Ponder whether the Caulkett ruling will be extended to Chapter 13, and end lien stripping in Chapter 13 cases as well. Caulkett relied entirely on Dewsup as binding precedent. The opinion suggests that but for Dewsnup, a more sensible reading of § 506(a) would permit lien stripping in Ch 7 as well as Ch. 13 cases.
And given that these identical words are later used in the same section of the same Act—§506(d)—one would think this “presents a classic case for application of the normal rule of statutory construction that identical words used indifferent parts of the same act are intended to have the same meaning.” Desert Palace, Inc. v. Costa, 539 U.S. 90, 101 (2003) (internal quotation marks omitted). Under that straightforward reading of the statute, the debtors would be able to void the Bank’s claims. Unfortunately for the debtors, this Court has already adopted a construction of the term “secured claim” in §506(d) that forecloses this textual analysis.

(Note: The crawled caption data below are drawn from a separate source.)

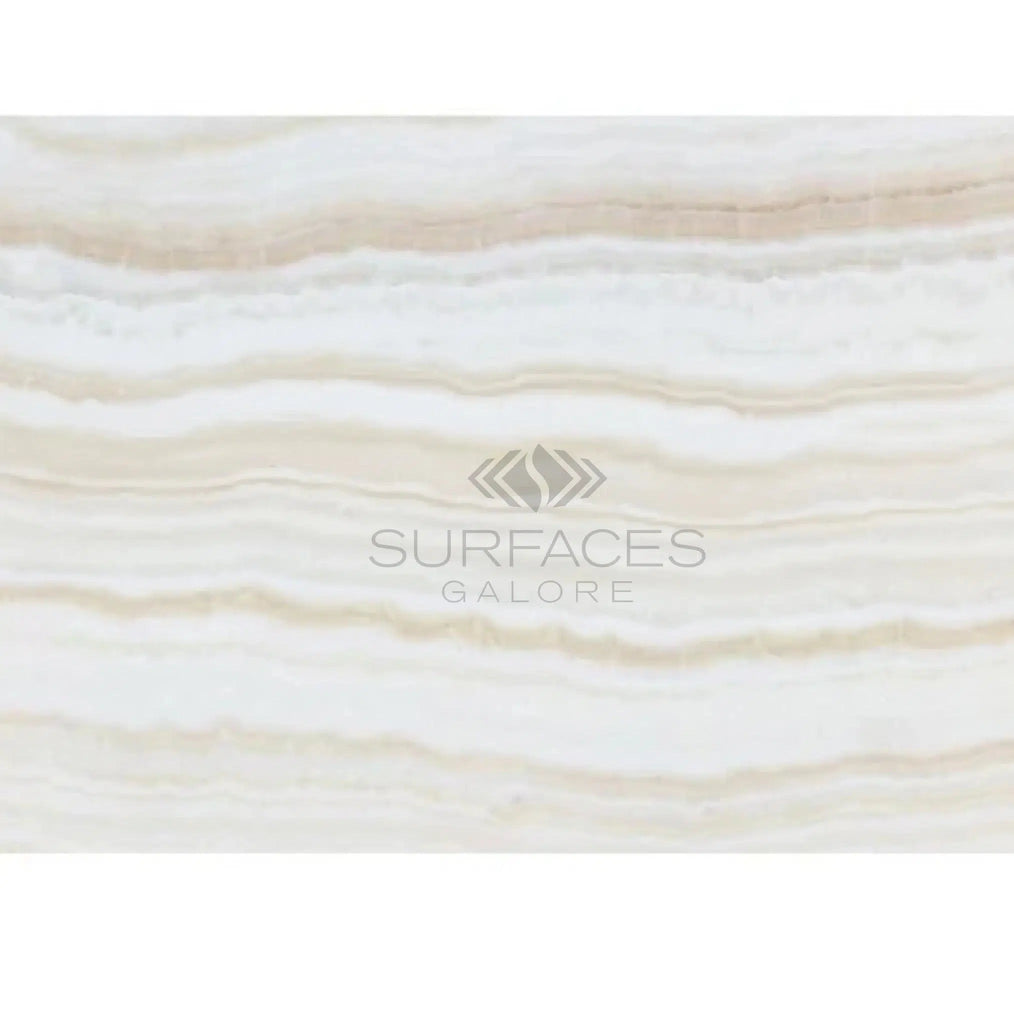 White Onyx (Bianco-Vanilla) Vein-Cut 3X6 Marble Polished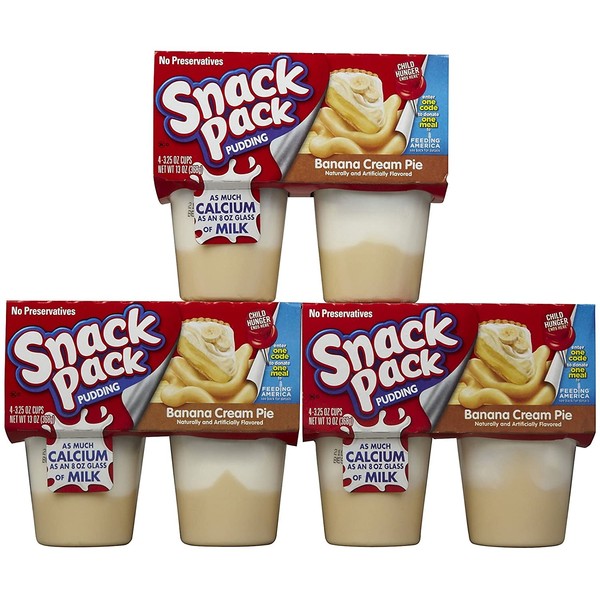 Hunt's Snack Pack Banana Cream Pie Pudding, 4 ct, 3 pk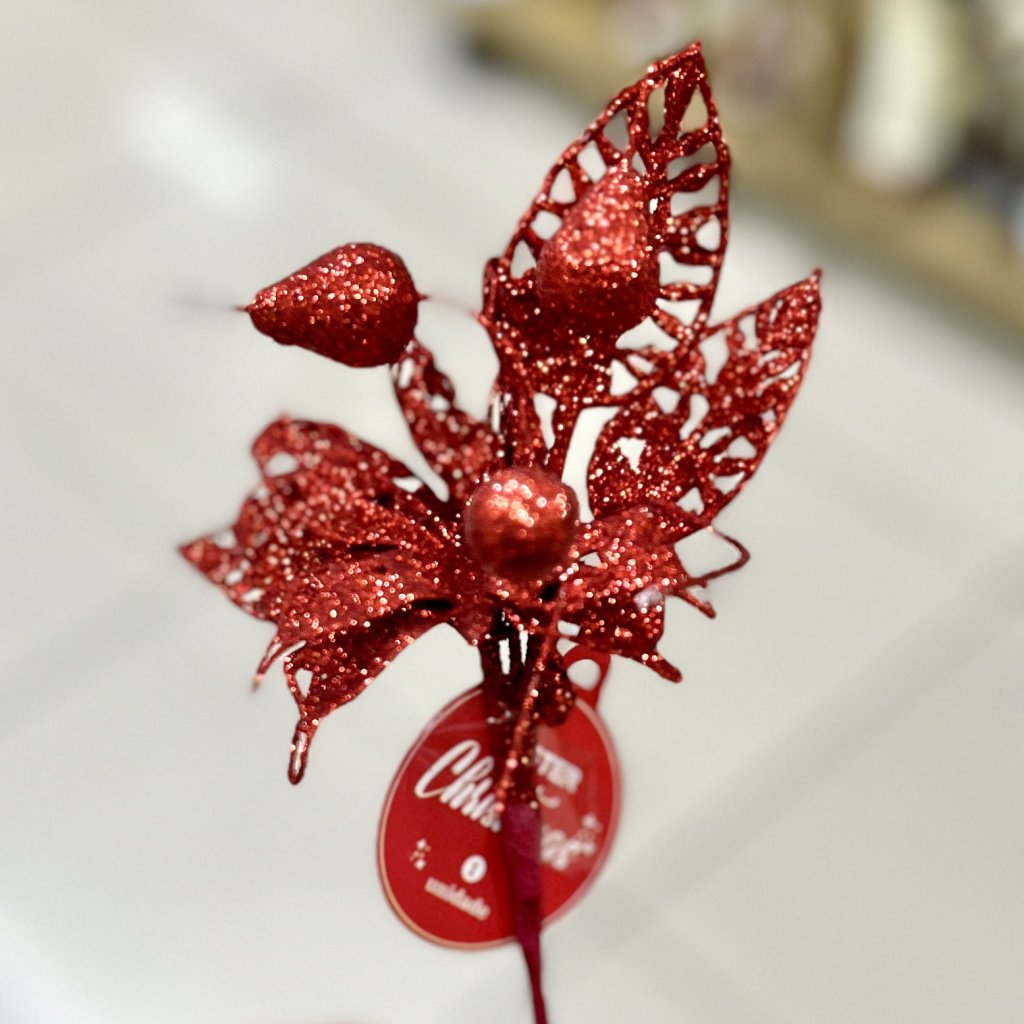 Pick de natal com Glitter vermelho 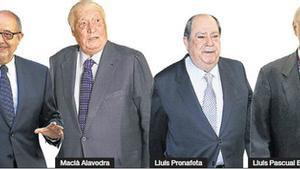 De izquierda a derecha, Artur Mas, Felip Puig, Macià Alavedra, Lluís Prenafeta, Lluís Pascual Estivill y Francesc Cabana.
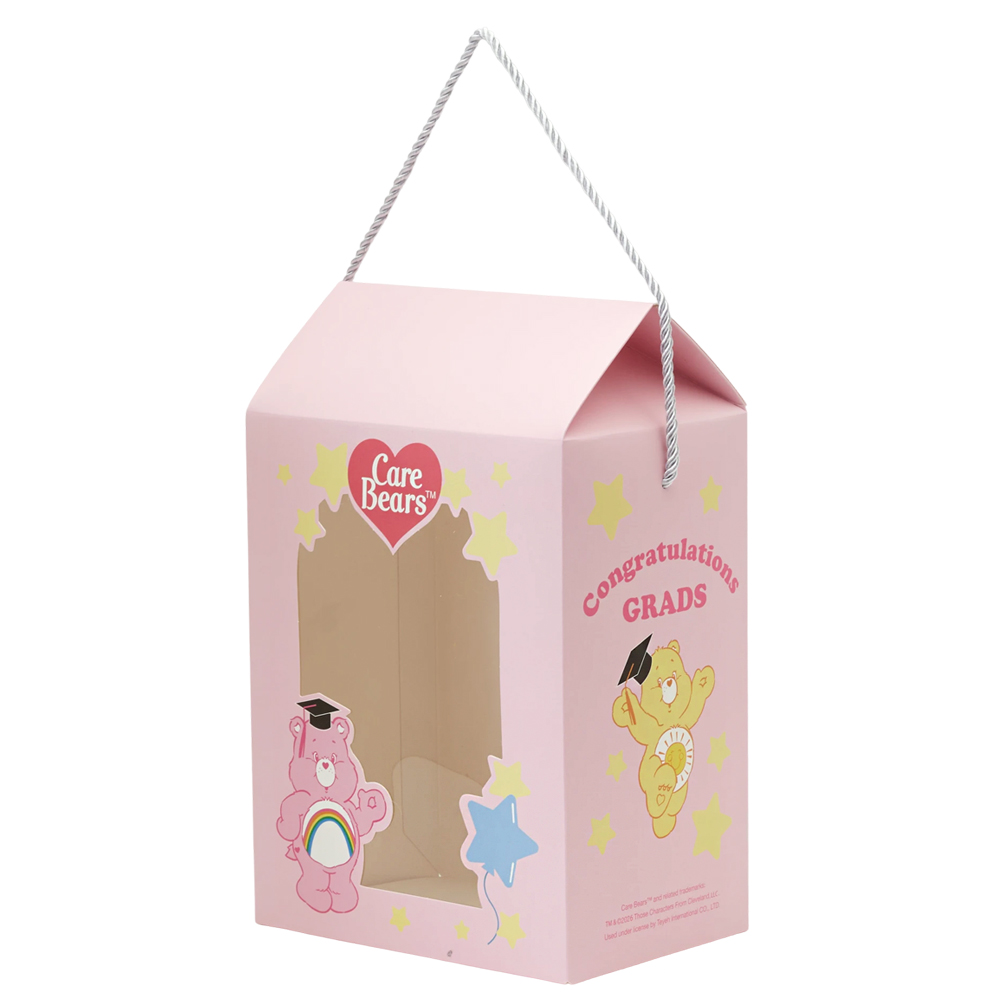 GraceGift CareBears聯名 牢騷小熊 畢業祝福小熊吊飾禮盒 附贈手機墊片 藍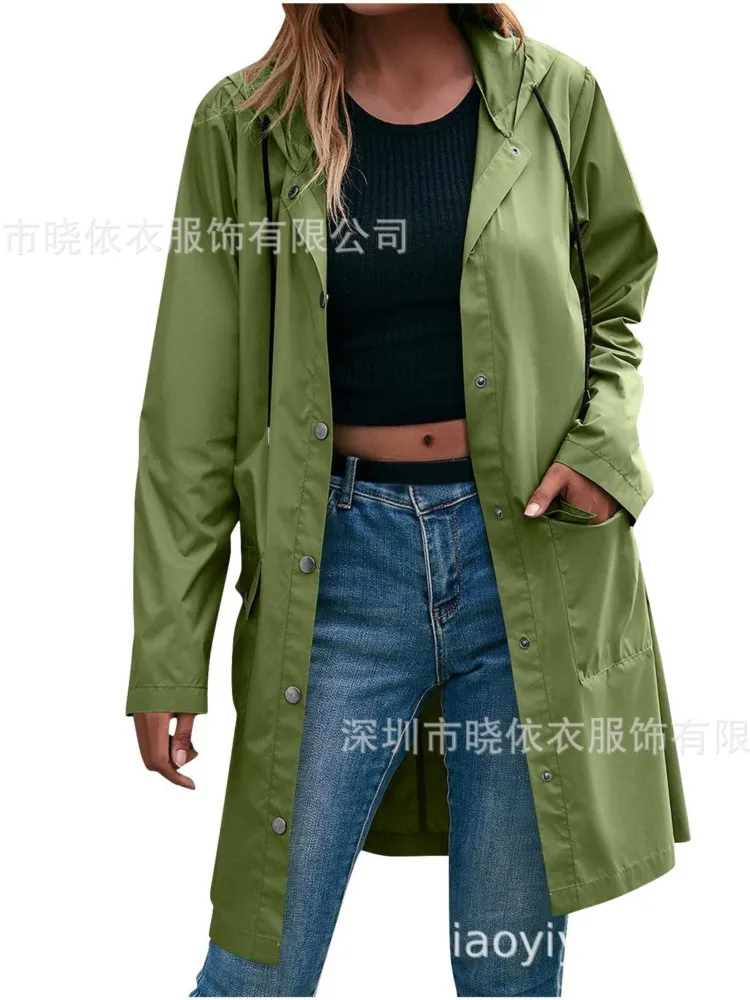 

New Women's Casual Windbreaker Hooded Jacket Long Rainproof Thickened Jacket Autumn Winter Fashion Solid Holiday Casual Coats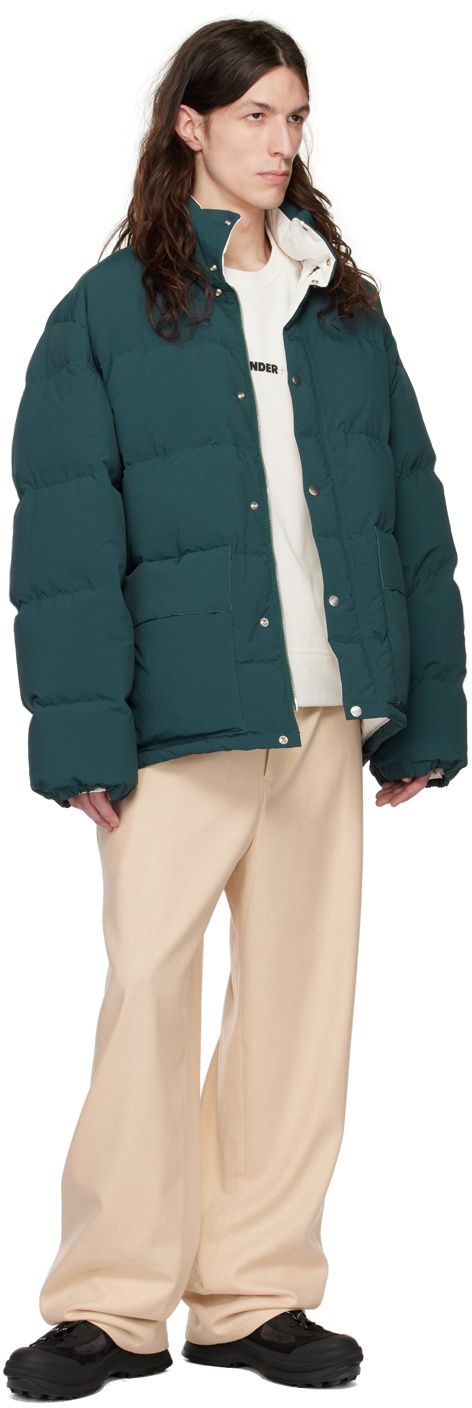 Jil Sander Green Funnel Neck Down Jacket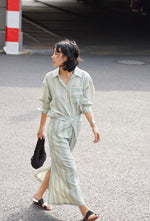 Load image into Gallery viewer, Linen Blend Striped Shirt in Green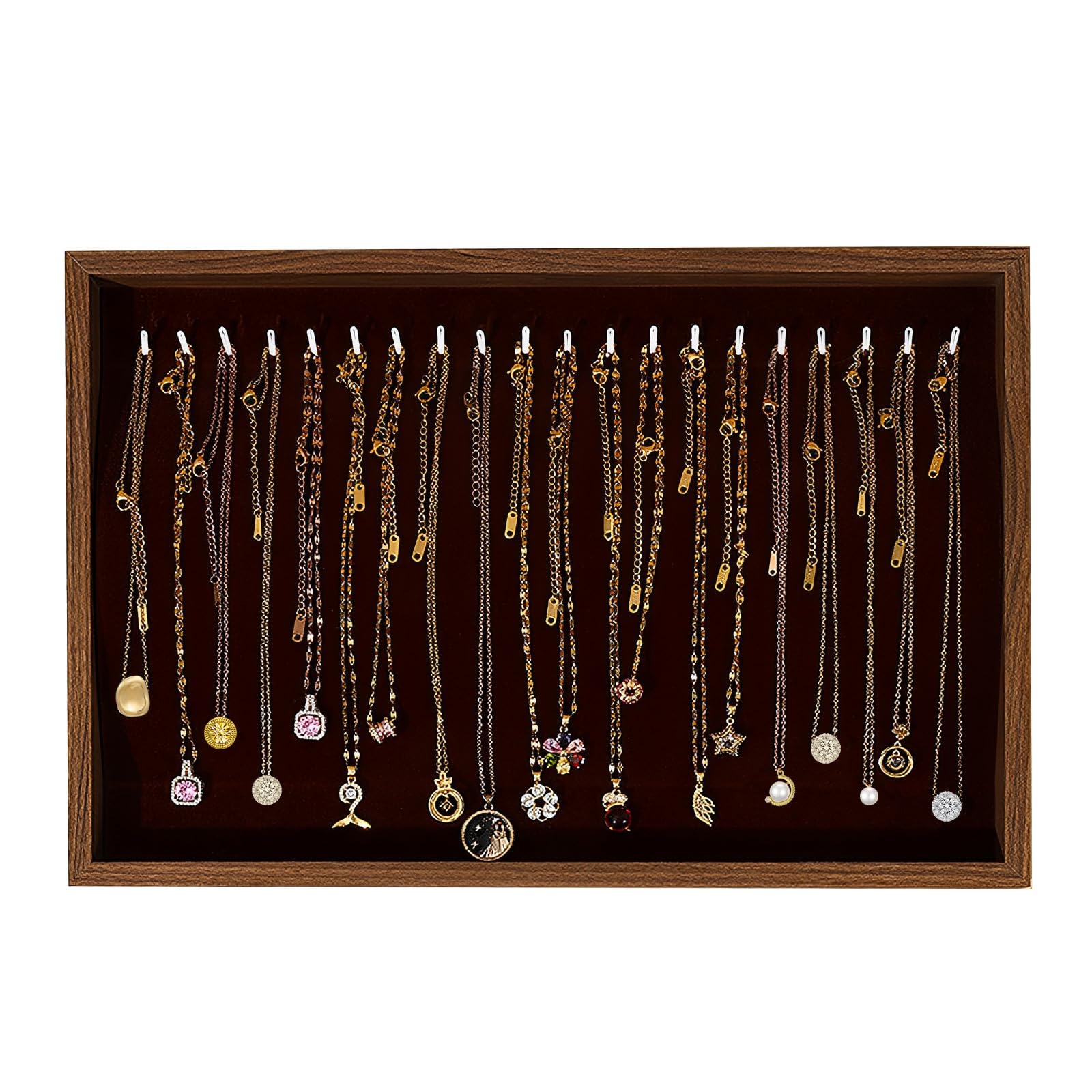 Techchii Red Necklace Storage Tray, Walnut Wood Jewellery Organiser Velvet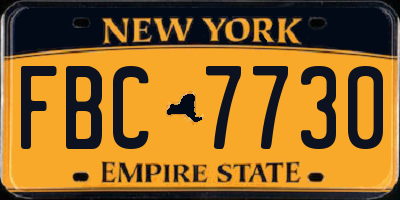 NY license plate FBC7730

On the one hand, Caulkett also strongly suggests that lien stripping should be impermissible regardless of the Chapter under which the case was filed:
Ultimately, embracing the debtors’ distinction would not vindicate §506(d)’s original meaning, and it would leave an odd statutory framework in its place. Under the debtors’ approach, if a court valued the collateral at one dollar more than the amount of a senior lien, the debtor could not strip down a junior lien under Dewsnup, but if it valued the property at one dollar less, the debtor could strip off the entire junior lien. Given the constantly shifting value of real property, this reading could lead to arbitrary results.
Allowing lien stripping of wholly underwater junior liens is no less arbitrary in Ch. 13 than it is in Chapter 7 cases. It would permit an “odd statutory framework” to persist in Ch. 13 cases, but arbitrarily outlaw it in Ch. 7 cases.
On the other hand, in Bartee, 212 F.3d 277 (5th Cir. 2000), the Fifth Circuit already addressed whether Dewsnup’s reasoning should prevent lien stripping in Ch. 13 cases. The answer was no:
Purportedly, Dewsnup ‘s ban on lien stripping carries over with similar effect on Chapter 13 debtors. To the contrary, the Supreme Court’s holding was expressly restricted to Chapter 7 liquidation cases, and is inapplicable to the reorganization bankruptcy chapters. See In re Young, 199 B.R. 643, 650 (Bankr.E.D.Tenn.1996). As one commentator explained: The rationales advanced in the Dewsnup opinion for prohibiting lien stripping in Chapter 7 bankruptcies, however, have little relevance in the context of rehabilitative bankruptcy proceedings under Chapters 11, 12, and 13, where lien stripping is expressly and broadly permitted, subject only to very minor qualifications. The legislative history of the Code makes clear that lien stripping is permitted in the reorganization chapters.